カノン「お前は世界の傷をふさぎ、存在と痛みを調和させるもの」
『EXODUS』24話

 冲方丁は「一騎と総士の関係が、上手くフェストゥムと人類の関係になっています」(※6)と言っているが、『EXODUS』で一騎と総士と総士の傷が癒やされたということは、人類とフェストゥムの傷も癒やされたということになるのだろうか。しかし、『EXODUS』で和解が成立したのは竜宮島とフェストゥムの間だけで、人類とフェストゥムとの間での和解は成立していないと感じる。

 

・「生まれ変わる」ということ

 ファフナーは西欧のファンタジー小説と重なる要素が多いのだけど、それらと決定的に違いう点が一つある。西洋の小説では一人の人間が生き直す場合、場所を変えることが多いのだけど(『はるかな国の兄弟』は別の世界、マイクル・ムアコックの『エターナル・チャンピオン』は別の次元)、この作品では同じ場所で転生し命を繰り返す。ここが西洋と日本の決定的な価値観の違いでもあると思う。「生まれ変わる」をキーワードに東洋と西洋の価値観の違いについて説明している演出家ハリー・クプファーのインタビュー(※7)を思い出した。

─登場人物の中にも仏教的な要素はありますか。

『パルジファル』の中で、日本の皆さんだからこそ理解しやすい人物がいます。それはクンドリーです。彼女は、十字架にかけられたキリストを嘲笑したために呪われ、何度も生まれ変わって大変苦しい人生を歩まなければならない運命にある女性です。キリスト教では「魂がさまよう」という言い方をするのですが、それだとクンドリーの存在を正しく説明できません。「生まれ変わる」というのは、むしろ仏教の輪廻転生の思想です。実は、西洋社会ではクンドリーという人物像とどう向き合ったらいいのか分からないという反応が多々あるのですが、仏教を知る日本の皆さんならばきっと分かっていただけると期待しています。

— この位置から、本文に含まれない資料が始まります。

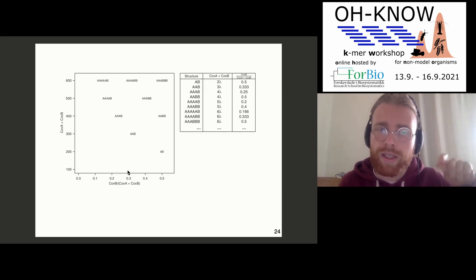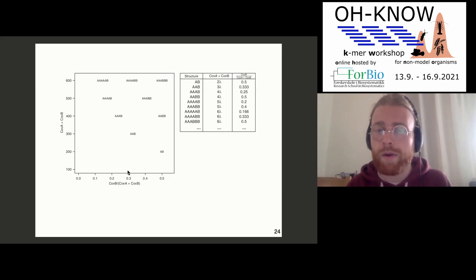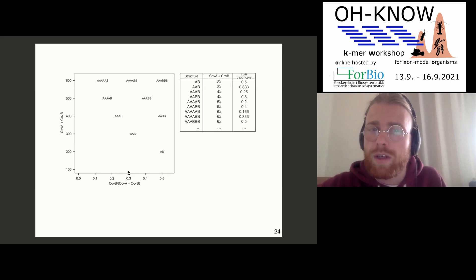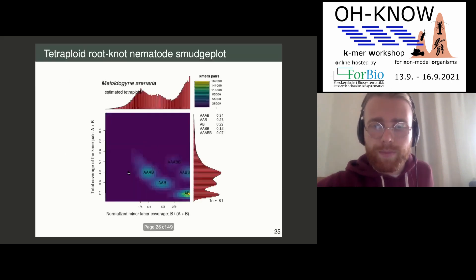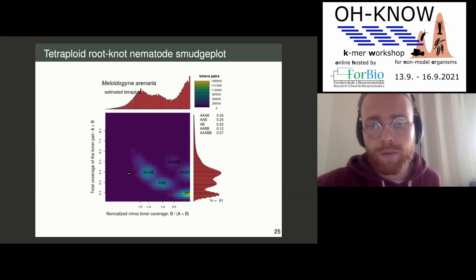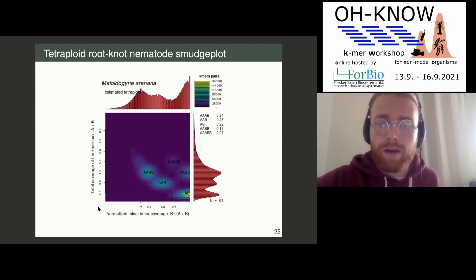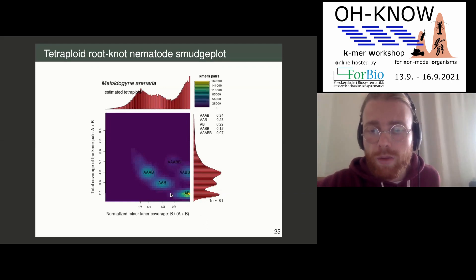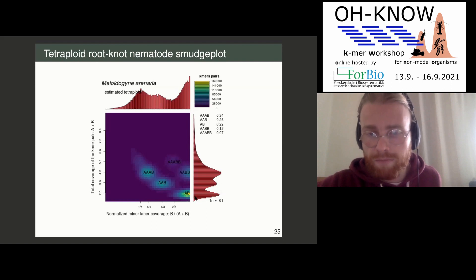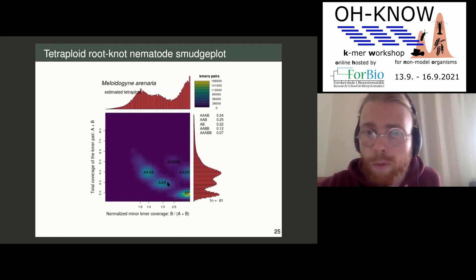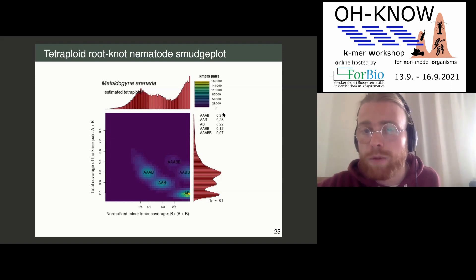The only problem is that we selected the k-mer pairs in a non-random fashion, so this gives a relative genomic structure, not absolute. This is how it looks — this is the smudge plot. On the X axis we have the coverage ratio, and on the Y axis the total coverage. We see a lot of AB types of loci, a lot of AAB types of loci, and most of all AABB types of loci.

 このクプファーのインタビューを読むと、日本では違和感を感じる人が少ない「生まれ変わる」という考えはキリスト教圏では理解しがたく、仏教の輪廻転生の思想を反映したものだということがわかる。ファフナーの根幹をなす考えの一つに「生まれ変わる」ことがある。一期で島のコアである乙姫がその身を持って島のミールに生と死の循環を教え、その結果、島のコアは生まれ変わる存在になった。『EXODUS』26話で一騎が総士の後を追い、二人が一緒に存在と無の地平線を越えて無に還ったというエンディングだったならば、それはキリスト教的な終わり方をしたということになる。しかし、乙姫、来主操、アショーカのコアといった人と関わりを持ったフェストゥムは生まれ変わることを選んでいるので、一騎と総士が無に還って存在が消えるというエンディングはキリスト教的でこの物語にはそぐわない。むしろ一度無に還った総士の魂が生まれ変わり、島のミールから与えられた生を全うするまでこの世界に留まることを選んだ一騎と出会うという形の方が、乙姫が島のミールに教えた生と死の循環を総士を通じてフェストゥムも学んだということを表現していると思う。

 

 ファフナーは脚本の冲方丁が子供の頃、海外で生活した経験があるため、西洋的な価値観を反映しているという部分が多々ある。しかし、「魂の転生」という部分は仏教の輪廻転生の思想に基づく日本的な価値観を反映したものだと思う。

 

※1 「母・梢の研究により瀬戸内海ミールの因子を移植されている総士はフェストゥムとの半同化状態にある」一期DVD6巻リーフレットより引用。

※2 『EXODUS』6話で一騎が書いた短冊。

※3 アストリッド・リンドグレーン『はるかな国の兄弟』(岩波書店)。

※4 『EXODUS』26話の総士の台詞。

※5 『EXODUS』18話の一騎の台詞。

※6 『蒼穹のファフナー Blu-rau BOX』のブックレット「冲方丁×プロデューサー座談会」より引用。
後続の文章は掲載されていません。